> _What to produce_:
Which lines in the data below contain the word "Drive"? Copy each of them.

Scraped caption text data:
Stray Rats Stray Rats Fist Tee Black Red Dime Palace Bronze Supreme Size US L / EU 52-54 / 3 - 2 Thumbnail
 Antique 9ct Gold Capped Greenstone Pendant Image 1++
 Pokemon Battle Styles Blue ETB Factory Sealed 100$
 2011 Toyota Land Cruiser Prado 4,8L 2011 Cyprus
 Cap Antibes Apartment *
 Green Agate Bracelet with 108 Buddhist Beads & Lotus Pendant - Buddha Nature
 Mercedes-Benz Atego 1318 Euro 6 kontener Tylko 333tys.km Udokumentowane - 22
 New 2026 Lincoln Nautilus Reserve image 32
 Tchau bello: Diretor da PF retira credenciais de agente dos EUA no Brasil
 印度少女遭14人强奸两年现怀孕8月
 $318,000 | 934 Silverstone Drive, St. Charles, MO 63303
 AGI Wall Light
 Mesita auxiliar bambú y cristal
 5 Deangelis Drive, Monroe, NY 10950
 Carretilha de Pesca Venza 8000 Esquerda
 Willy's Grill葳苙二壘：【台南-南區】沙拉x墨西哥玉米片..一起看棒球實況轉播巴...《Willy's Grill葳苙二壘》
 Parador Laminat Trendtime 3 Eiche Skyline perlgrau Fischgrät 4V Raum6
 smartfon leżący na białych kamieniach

> _Result of this task_:
 $318,000 | 934 Silverstone Drive, St. Charles, MO 63303
 5 Deangelis Drive, Monroe, NY 10950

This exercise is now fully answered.